## [WORK TO BE COMPLETED]
Please restate exactly what appears in the records below from the first line to the line where "2009 Acura MDX" is, that line included.

## [DATA UNDER STUDY]
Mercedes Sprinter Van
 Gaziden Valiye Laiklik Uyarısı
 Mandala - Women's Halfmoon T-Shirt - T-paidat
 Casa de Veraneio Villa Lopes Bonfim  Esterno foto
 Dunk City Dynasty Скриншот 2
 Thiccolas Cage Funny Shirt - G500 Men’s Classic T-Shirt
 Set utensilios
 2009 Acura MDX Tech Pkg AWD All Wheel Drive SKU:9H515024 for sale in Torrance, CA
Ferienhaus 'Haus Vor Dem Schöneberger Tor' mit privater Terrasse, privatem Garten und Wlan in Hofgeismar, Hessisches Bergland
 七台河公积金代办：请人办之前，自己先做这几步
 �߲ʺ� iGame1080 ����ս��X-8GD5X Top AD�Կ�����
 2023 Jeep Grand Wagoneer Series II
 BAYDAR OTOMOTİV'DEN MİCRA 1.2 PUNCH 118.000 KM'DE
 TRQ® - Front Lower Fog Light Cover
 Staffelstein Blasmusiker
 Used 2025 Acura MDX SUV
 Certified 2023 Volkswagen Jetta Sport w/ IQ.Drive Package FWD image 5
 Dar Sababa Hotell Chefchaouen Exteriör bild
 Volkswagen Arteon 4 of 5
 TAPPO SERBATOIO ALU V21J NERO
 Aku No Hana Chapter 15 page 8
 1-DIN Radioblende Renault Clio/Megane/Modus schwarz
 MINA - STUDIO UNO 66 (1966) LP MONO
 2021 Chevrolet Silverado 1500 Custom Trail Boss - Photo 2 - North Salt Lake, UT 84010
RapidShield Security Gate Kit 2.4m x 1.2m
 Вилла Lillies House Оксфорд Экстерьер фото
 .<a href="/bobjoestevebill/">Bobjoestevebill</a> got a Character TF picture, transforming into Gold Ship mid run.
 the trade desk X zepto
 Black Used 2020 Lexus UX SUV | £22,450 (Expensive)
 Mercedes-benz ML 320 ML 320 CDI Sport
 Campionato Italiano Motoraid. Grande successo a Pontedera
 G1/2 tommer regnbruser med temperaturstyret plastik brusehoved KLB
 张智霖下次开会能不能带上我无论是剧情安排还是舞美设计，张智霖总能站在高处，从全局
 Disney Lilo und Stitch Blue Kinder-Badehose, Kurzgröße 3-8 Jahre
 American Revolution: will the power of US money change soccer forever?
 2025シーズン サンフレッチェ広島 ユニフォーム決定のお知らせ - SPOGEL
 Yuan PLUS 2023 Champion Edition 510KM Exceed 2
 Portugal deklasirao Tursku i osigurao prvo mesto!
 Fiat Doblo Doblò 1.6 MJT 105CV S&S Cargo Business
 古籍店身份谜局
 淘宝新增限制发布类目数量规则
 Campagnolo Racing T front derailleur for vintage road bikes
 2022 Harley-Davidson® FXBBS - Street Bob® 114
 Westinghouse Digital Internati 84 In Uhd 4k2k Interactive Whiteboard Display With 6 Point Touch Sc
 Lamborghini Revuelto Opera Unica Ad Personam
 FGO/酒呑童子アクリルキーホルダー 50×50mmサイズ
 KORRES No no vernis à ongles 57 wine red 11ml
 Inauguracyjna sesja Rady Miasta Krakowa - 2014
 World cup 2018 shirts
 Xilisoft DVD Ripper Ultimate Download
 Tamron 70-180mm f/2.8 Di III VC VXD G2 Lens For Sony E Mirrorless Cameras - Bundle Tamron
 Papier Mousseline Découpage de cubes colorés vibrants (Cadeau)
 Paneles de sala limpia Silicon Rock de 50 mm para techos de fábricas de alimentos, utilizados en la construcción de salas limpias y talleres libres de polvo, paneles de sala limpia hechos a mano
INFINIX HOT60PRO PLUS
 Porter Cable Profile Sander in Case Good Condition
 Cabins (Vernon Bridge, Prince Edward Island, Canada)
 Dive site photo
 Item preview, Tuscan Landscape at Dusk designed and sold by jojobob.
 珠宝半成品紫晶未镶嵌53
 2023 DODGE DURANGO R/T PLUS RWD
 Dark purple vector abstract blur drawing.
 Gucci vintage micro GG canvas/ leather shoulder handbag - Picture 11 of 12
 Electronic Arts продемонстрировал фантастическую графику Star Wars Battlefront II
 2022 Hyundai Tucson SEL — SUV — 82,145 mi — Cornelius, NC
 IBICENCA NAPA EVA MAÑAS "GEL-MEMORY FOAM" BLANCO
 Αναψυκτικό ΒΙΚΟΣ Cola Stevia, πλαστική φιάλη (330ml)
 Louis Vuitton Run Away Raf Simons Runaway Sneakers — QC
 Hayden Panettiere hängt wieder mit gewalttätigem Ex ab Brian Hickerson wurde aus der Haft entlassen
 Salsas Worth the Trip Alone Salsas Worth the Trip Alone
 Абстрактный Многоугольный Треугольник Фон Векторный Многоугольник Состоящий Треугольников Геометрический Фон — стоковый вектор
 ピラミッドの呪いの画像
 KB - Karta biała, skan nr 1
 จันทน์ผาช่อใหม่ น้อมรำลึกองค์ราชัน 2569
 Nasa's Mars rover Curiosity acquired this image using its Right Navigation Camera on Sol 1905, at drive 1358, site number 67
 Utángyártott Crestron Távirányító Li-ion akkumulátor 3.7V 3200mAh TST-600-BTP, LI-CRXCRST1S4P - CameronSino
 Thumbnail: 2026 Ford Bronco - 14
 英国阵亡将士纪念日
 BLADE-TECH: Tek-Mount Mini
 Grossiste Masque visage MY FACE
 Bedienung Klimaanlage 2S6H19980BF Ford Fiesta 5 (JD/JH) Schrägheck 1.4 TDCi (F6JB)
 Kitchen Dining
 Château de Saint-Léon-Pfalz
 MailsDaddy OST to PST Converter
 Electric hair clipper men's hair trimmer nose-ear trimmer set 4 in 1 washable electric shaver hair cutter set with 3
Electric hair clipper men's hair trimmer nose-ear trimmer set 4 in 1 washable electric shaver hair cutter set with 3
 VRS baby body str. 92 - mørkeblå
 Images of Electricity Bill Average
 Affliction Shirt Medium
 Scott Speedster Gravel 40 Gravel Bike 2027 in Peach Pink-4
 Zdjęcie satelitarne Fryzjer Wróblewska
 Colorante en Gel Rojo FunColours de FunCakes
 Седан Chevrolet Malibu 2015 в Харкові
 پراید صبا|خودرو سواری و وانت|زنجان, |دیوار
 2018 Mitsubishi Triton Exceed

## [WORKED SOLUTION]
Mercedes Sprinter Van
 Gaziden Valiye Laiklik Uyarısı
 Mandala - Women's Halfmoon T-Shirt - T-paidat
 Casa de Veraneio Villa Lopes Bonfim  Esterno foto
 Dunk City Dynasty Скриншот 2
 Thiccolas Cage Funny Shirt - G500 Men’s Classic T-Shirt
 Set utensilios
 2009 Acura MDX Tech Pkg AWD All Wheel Drive SKU:9H515024 for sale in Torrance, CA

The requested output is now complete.